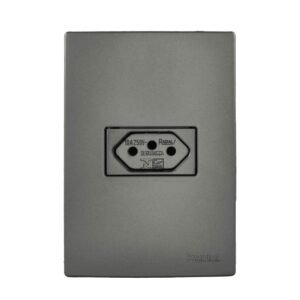 Tomada 2 Polos + Terra 10A C/ Placa Ouro Grafite - Radial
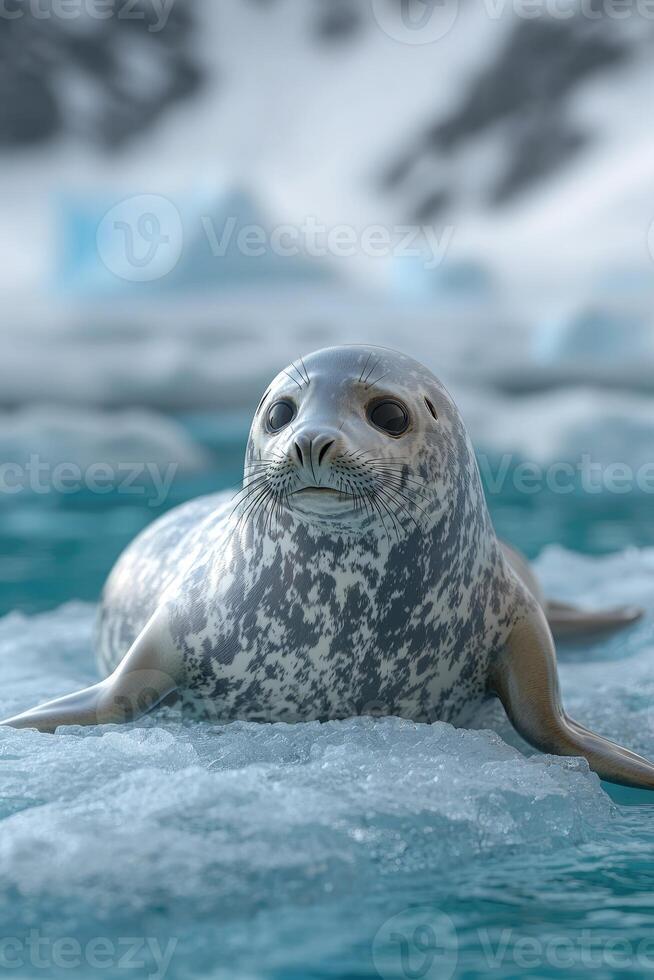 Leopard Seal Pup Resting On Ice Floe In Arctic photo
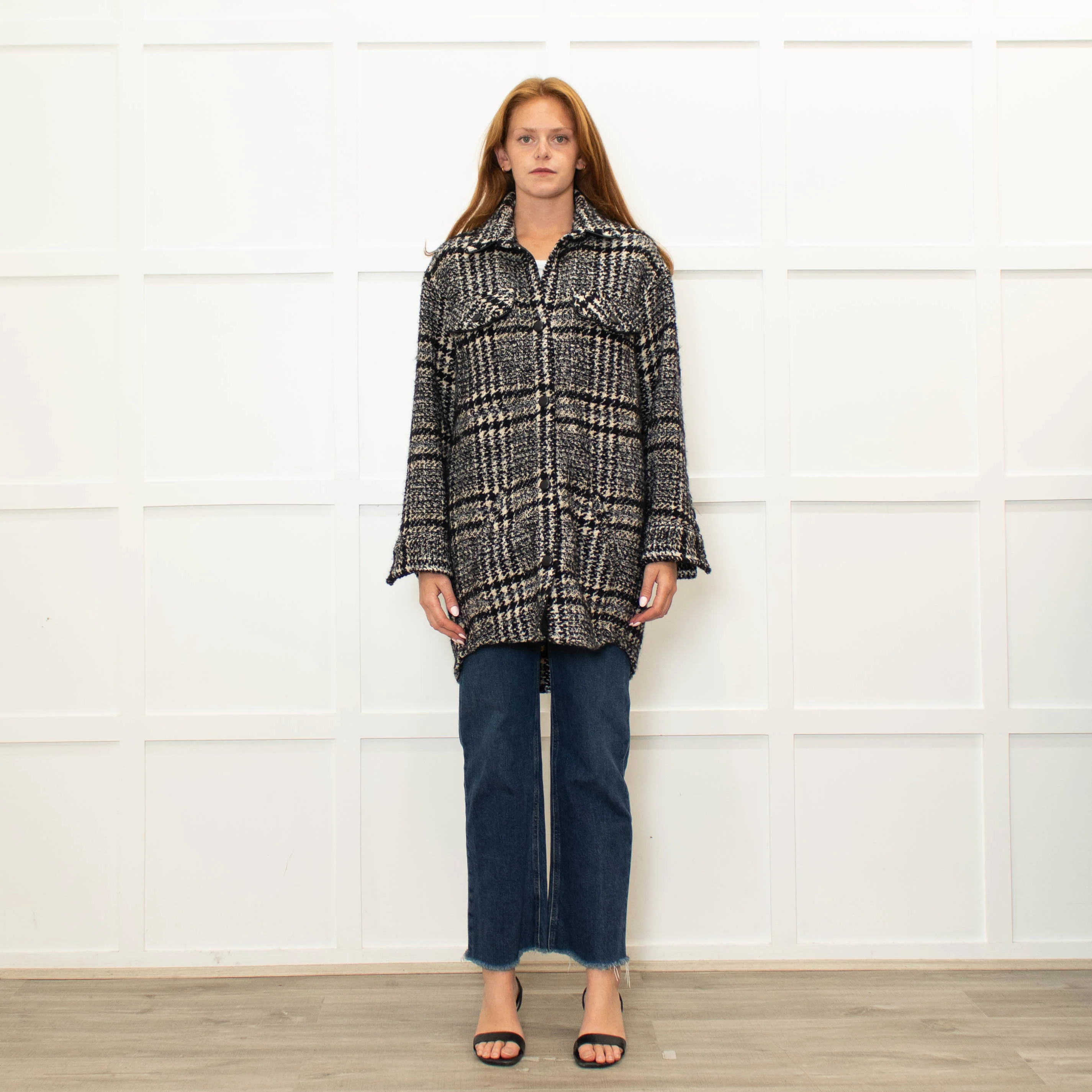 The Kooples Black Tweed  Leather Trim Overshirt Jacket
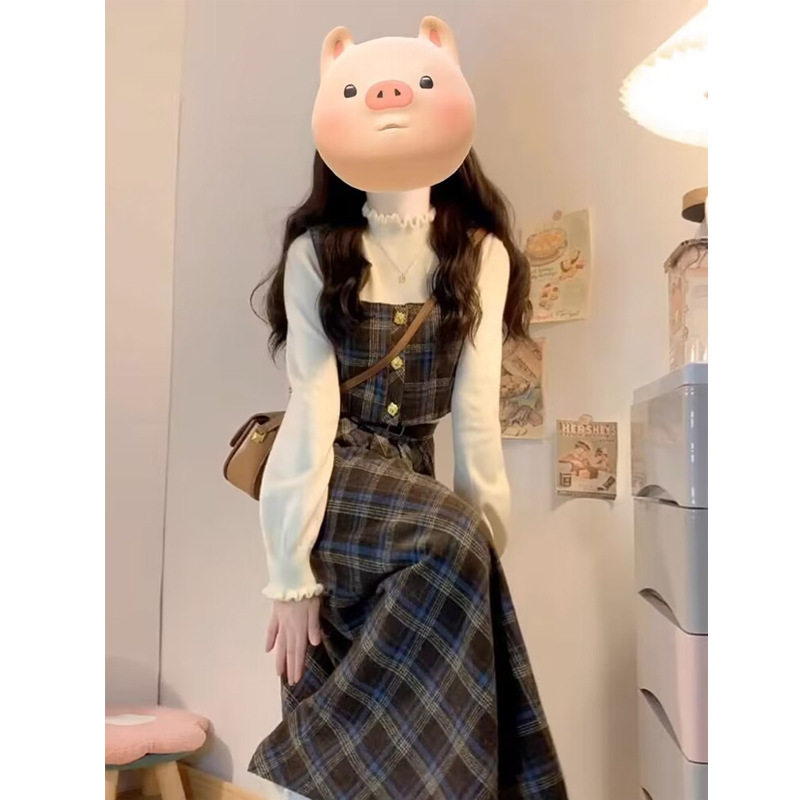 小香学院风格子背带连衣裙子女秋冬季2025新款小个子穿搭套装长裙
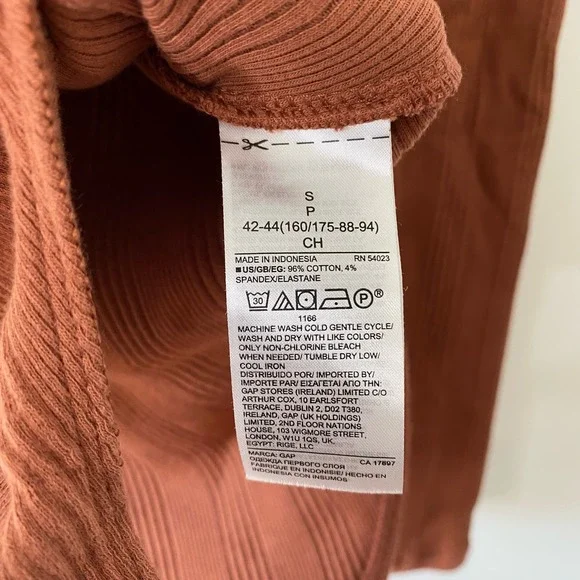 GAP Saddle Brown Ribbed Puff Sleeve Stretch Cotton Bodysuit - Picture 7 of 9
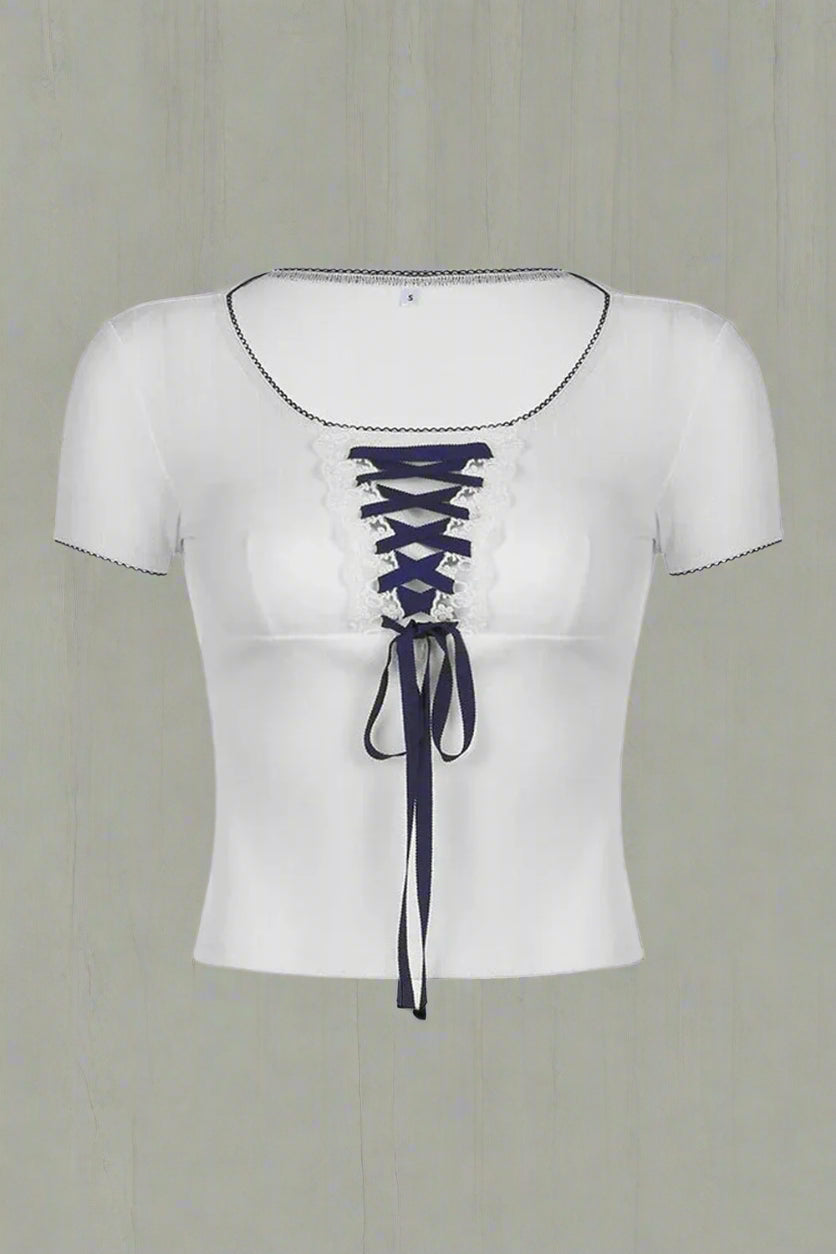 New Style Trends - Y2K Contrast Bandage Crop Top - Outfit Ideas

*WHAT TO PRODUCE*
The line containing "小香学院风格子背带连衣裙子女秋冬季2025新款小个子穿搭套装长裙" and every line after it, through the end of the records, are what you should retype exactly. Do not include the pictures.

*RESPONSE TO THE TASK*
 小香学院风格子背带连衣裙子女秋冬季2025新款小个子穿搭套装长裙
 GAP Saddle Brown Ribbed Puff Sleeve Stretch Cotton Bodysuit - Picture 7 of 9
 New Style Trends - Y2K Contrast Bandage Crop Top - Outfit Ideas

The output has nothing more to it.